- About this exercise:
The following data needs to be repeated exactly, with all images excluded.

- Raw data:
┄┄┄┄┄┄┄┄┄┄┄┄┄┄┄┄┄┄┄┄

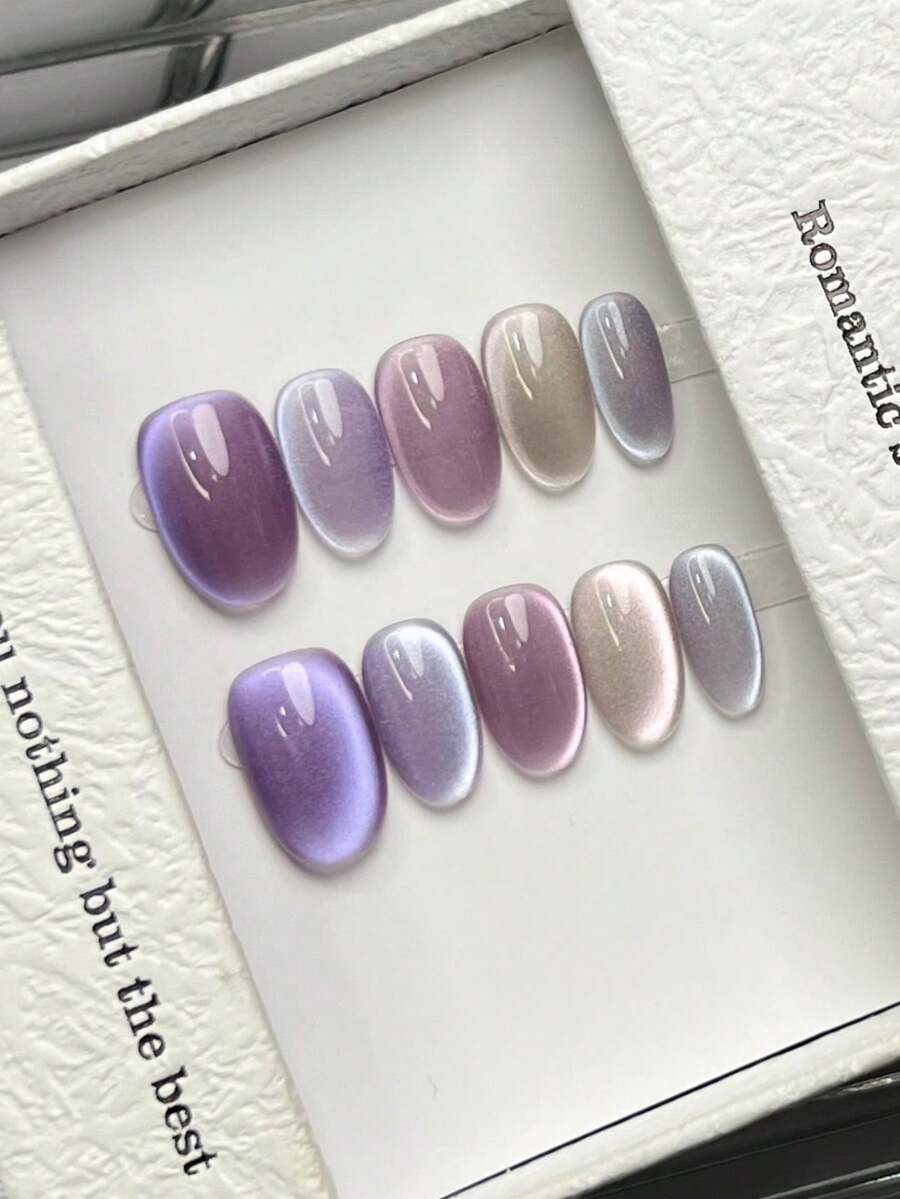 10pcs Handmade Oval Short Purple Gradient Cat Eye False Nails, Simple Elegant Luxury Handmade, Suitable For Spring Summer Autumn Winter Daily Party Beach Vacation, Suitable For Women Girls Gift, Reusable Handmade Press On Nails - Mauve Purple - View 1
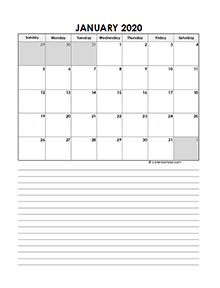 2020 Monthly Pakistan Calendar Template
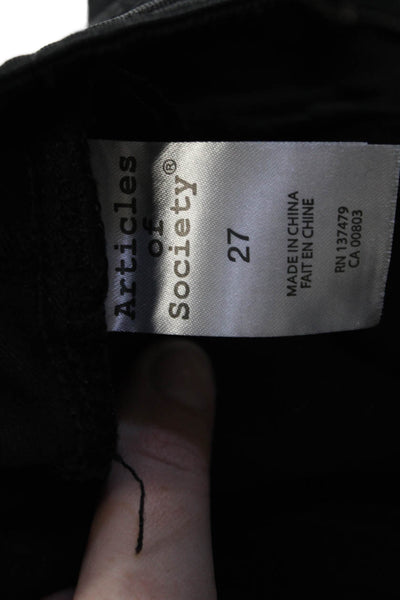 Articles of Society Women Ankle Cropped High Waist Black Pants Size 27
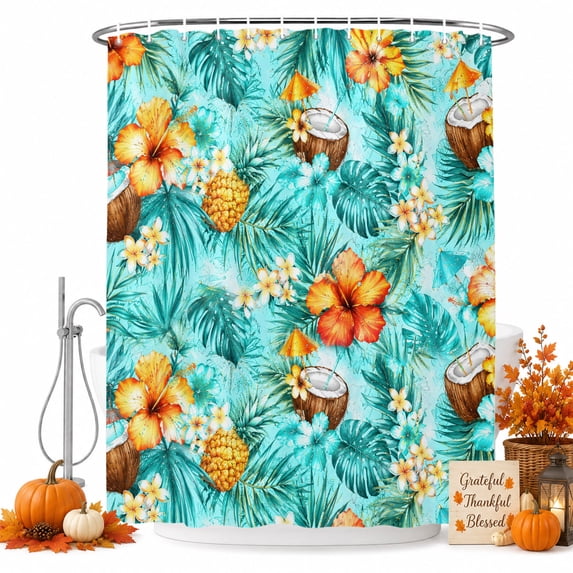 Summer Coastal Shower Curtain, Waterproof Shower Curtains for Bathroom, Tropical Fruits Floral Botanical Watercolor Washable Fabric Bathtub Curtain Set Bath Decor with 12 Hooks Extra Long 72"x96"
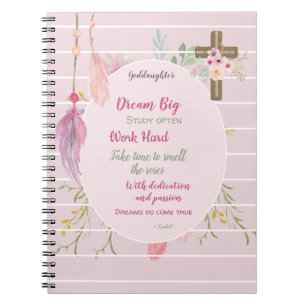 Goddaughter Gift Motivational Words Personalized Notebook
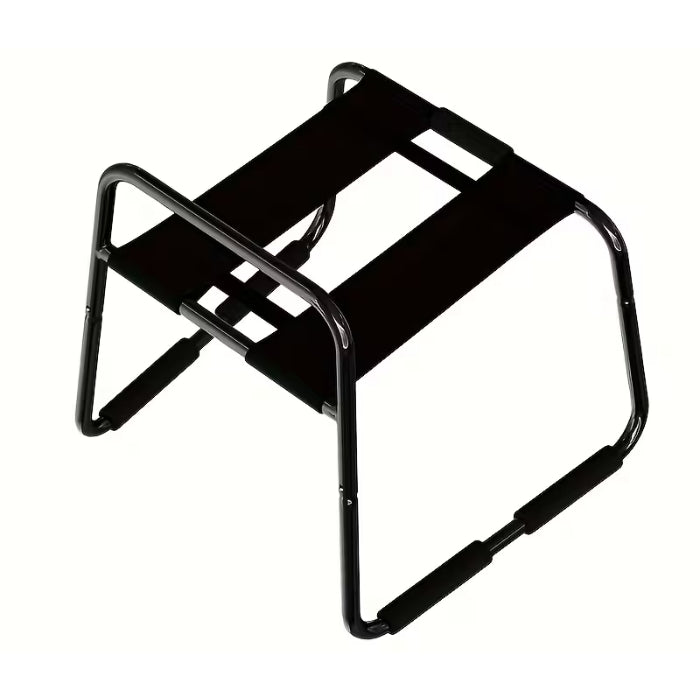 Sturdy steel frame elastic sex chair with padded black straps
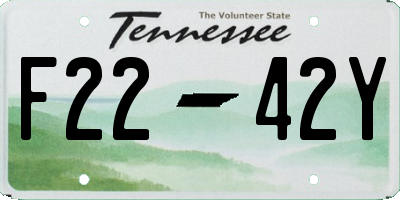 TN license plate F2242Y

┄┄┄┄┄┄┄┄┄┄┄┄┄┄┄┄┄┄┄┄

- Output of the task:
 10pcs Handmade Oval Short Purple Gradient Cat Eye False Nails, Simple Elegant Luxury Handmade, Suitable For Spring Summer Autumn Winter Daily Party Beach Vacation, Suitable For Women Girls Gift, Reusable Handmade Press On Nails - Mauve Purple - View 1
 2020 Monthly Pakistan Calendar Template
 Articles of Society Women Ankle Cropped High Waist Black Pants Size 27
 Summer Coastal Shower Curtain, Waterproof Shower Curtains for Bathroom, Tropical Fruits Floral Botanical Watercolor Washable Fabric Bathtub Curtain Set Bath Decor with 12 Hooks Extra Long 72"x96"
 Goddaughter Gift Motivational Words Personalized Notebook
 Sturdy steel frame elastic sex chair with padded black straps
 TN license plate F2242Y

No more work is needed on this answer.